By Doug Winter – RareGoldCoins.com
In the Bowers and Merena November 2010 Baltimore auction, a business strike 1875 half eagle sold without a lot of fanfare for a lot of money. I think this was one of the most significant individual sales in the rare gold coin market in 2010 and I’d like to spend a bit of time analyzing both the coin that was sold and the significance it portends for both the Liberty Head half eagle series and the rare gold market as a whole.
The 1875 is the rarest collectible Liberty Head half eagle. (The 1854-S is rarer but with no pieces likely available to collectors in the near future, I regard this issue as “non-collectible.”) Only 200 business strikes were produced and the number of pieces known has generally been estimated to be in the area of ten. I think this estimate is reasonably accurate although I think the actual number known could be as low as seven or eight.
The 1875 is unknown in Uncirculated and most of the examples that exist are in the EF40 to AU50 range. PCGS has graded five coins including an EF40 and two each in AU50 and AU53 while NGC has graded four: one in EF45 and three in AU55. I believe that these figures are inflated by resubmissions and the total number of distinct 1875 half eagles in slabs is four or five. There have been 10 auction appearances since 1991. Six have occurred since 2000 but this includes a number of reappearances of the same coin(s).
The coin in the Bowers and Merena auction was graded AU55 by NGC and it appeared to have been the same coin that was offered as DLRC’s Richmond I: 1444 back in July 2004 where it brought a record-setting $86,250. There had been no other 1875 business strikes that had been available since the Goldberg 2/07: 2335 coin that brought $74,750.
The Bowers coin was part of an interesting set of 1875 gold coinage called the “Kupersmith Once in a Lifetime” collection. Terrible name but an interesting and impressive set with examples of the rare Philadelphia gold dollar, quarter eagle and three dollar gold piece from this year but, curiously without the very rare 1875 business strike (or Proof) eagle.
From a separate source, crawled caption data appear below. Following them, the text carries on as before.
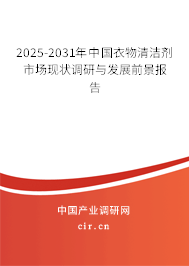 2025-2031年中國衣物清潔劑市場現(xiàn)狀調(diào)研與發(fā)展前景報(bào)告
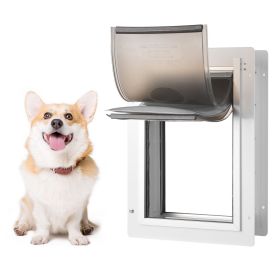 Pet Door for Wall with Lock and 3 Magnetic Flap System Metal Frame Small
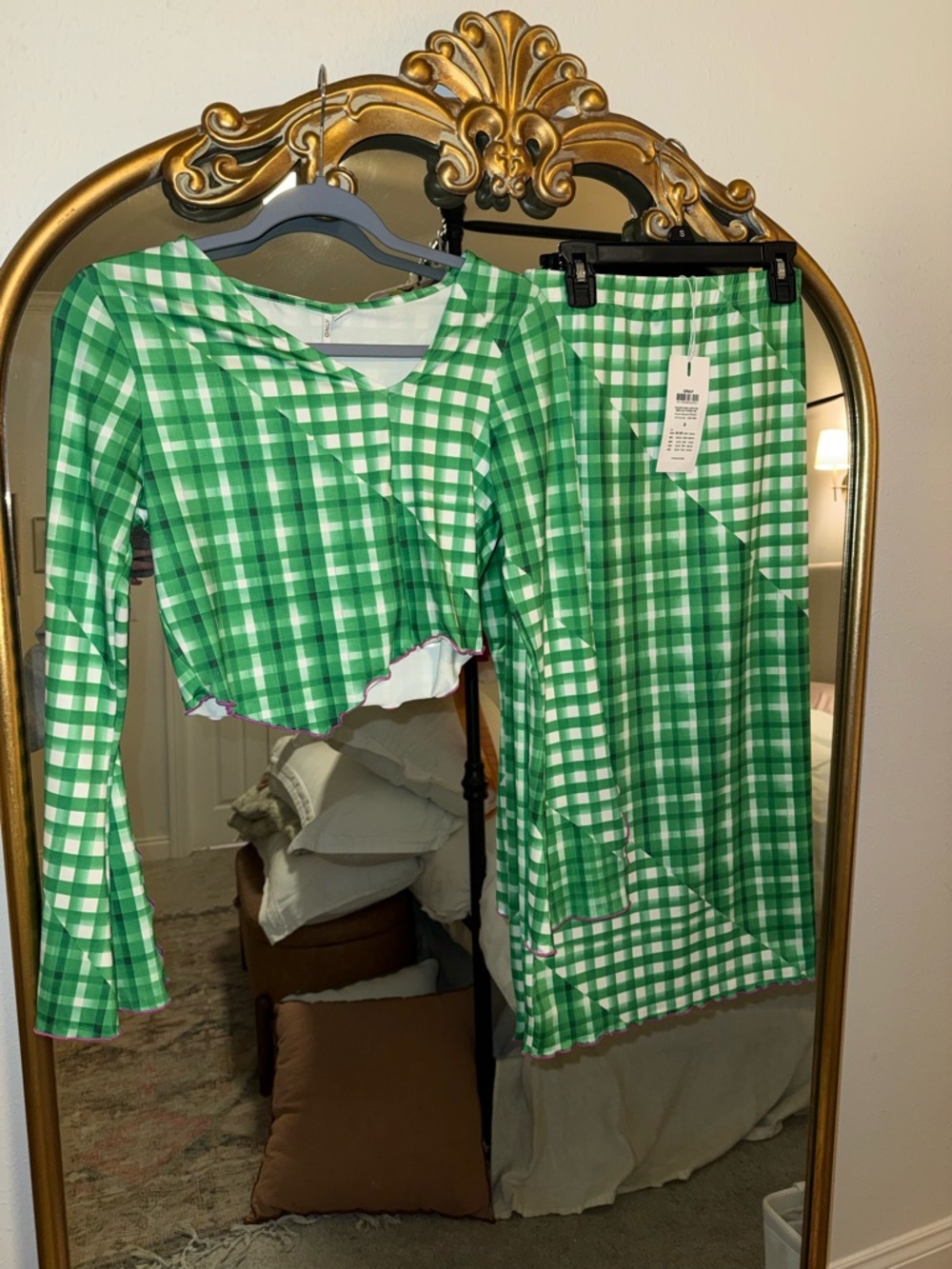 ASOS Green White Gingham Two-Piece Set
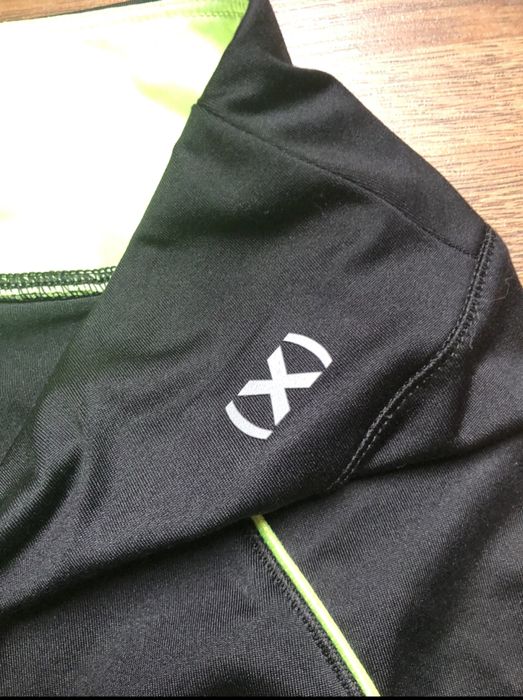 Spodnie legginsy treningowe damskie 2XIST czarne neonowy zielony xs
The coin in the Bowers sale brought $149,500 which is far and away a record price for a business strike of this date. Considering that this is an esoteric coin and, to be honest, it wasn’t a really nice-looking piece, I think this price is very significant.
In the same sale, the coin right before the business strike was an 1875 half eagle graded PR66 Cameo by NGC. With a mintage of just 20, this has long been recognized as a great rarity and it is an issue that has usually brought more than its under-appreciated (but rarer) business strike counterpart. The Proof in the Bowers sale, sold as Lot 5042, brought $143,750. I was really surprised but really pleased to see this happen.
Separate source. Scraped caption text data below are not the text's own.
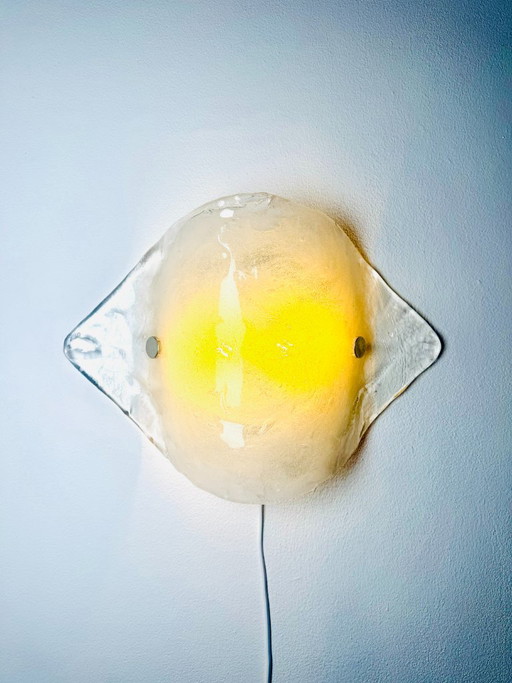 Model 4636/2 Ice Glass Wall Lamp by Carlo Nason for Franken KG, Germany, 1970s – wandlampen, Murano Glass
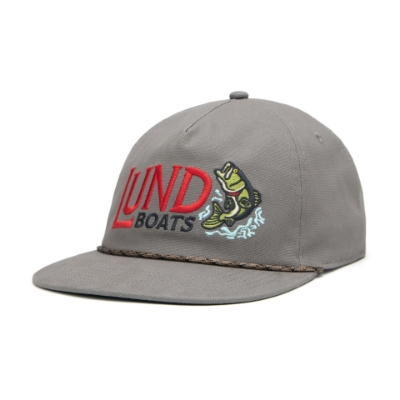 Left view image of the Reeling Bass Cap with Lund Boats logo embroidered on the front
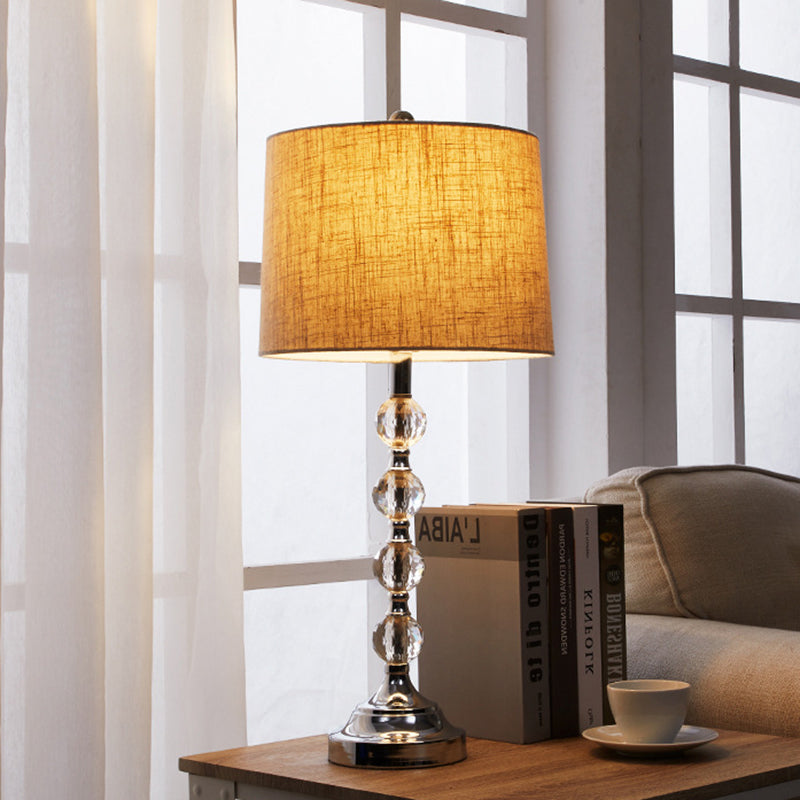 Drum Night Light Table Lamp In White/Brown/Blue With Crystal Ball For Living Room Brown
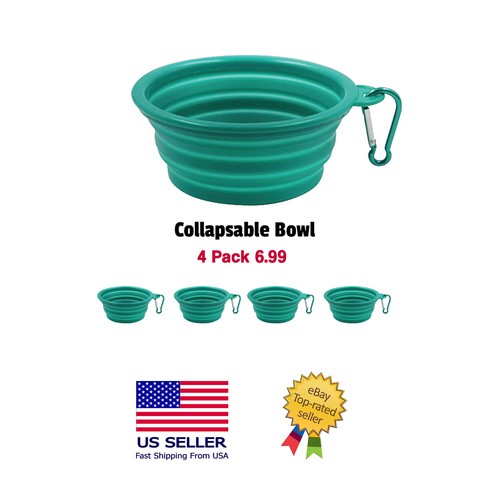 Collapsible Silicone Dog Bowls, 4 Pack,Expandable Pet Food & Water Dishes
I’ve been thinking for a year or two that Liberty Head half eagles have a chance to be the “next big thing” in the world of rare date gold. Here’s why. The Liberty Head double eagle series is extremely popular right now and there are not many “ground floor” opportunities for the new collector. Same goes for the eagle series although I still think there are some very undervalued issues. But the Liberty Head half eagle series remains under-collected and there are dozens and dozens of individual issues that are extremely undervalued.
So why is a $149,500 Liberty Head half eagle so an important? Because its the rarest collectible issue in the series and you typically see high-end collector activity in a series start with coins like this. In other words, you can buy the C and D mint issues any day but how often can you buy the Big Gun like the 1875?
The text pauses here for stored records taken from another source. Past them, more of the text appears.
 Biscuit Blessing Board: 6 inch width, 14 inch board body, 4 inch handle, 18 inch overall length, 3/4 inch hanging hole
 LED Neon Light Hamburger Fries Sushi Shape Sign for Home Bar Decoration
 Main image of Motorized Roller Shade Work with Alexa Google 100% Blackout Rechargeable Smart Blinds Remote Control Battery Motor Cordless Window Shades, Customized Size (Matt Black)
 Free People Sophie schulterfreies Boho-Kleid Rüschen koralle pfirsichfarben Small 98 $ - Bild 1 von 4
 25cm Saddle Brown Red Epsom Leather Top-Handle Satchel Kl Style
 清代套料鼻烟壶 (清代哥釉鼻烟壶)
If the coin had sold for, say, $80,000 or $90,000 I don’t think it would have been a big deal. But with a sale at nearly $150,000 the bar has been raised and I think we’ll see higher prices for other very rare non-Southern Liberty Head half eagles like the 1863, 1864, 1864-S and 1865.
Of course there is the very real possibility that this coin was not bought by a collector who plans to do a date set of Liberty Head half eagles and this totally blows a hole into my theory. It could have just as easily of been bought by someone doing a set of 1875 business strike gold coinage or someone who likes really rare coins like the 1875 half eagle and thinks that 150k is a great value for an issue with just eight or nine business strikes known. All true but, as I said above, the bar has now been raised for the rarities in this series and the days of being able to buy an 1875 half eagle in AU for less than $100,000 are gone.
This is what happens when you’ve got too much money chasing too few coins.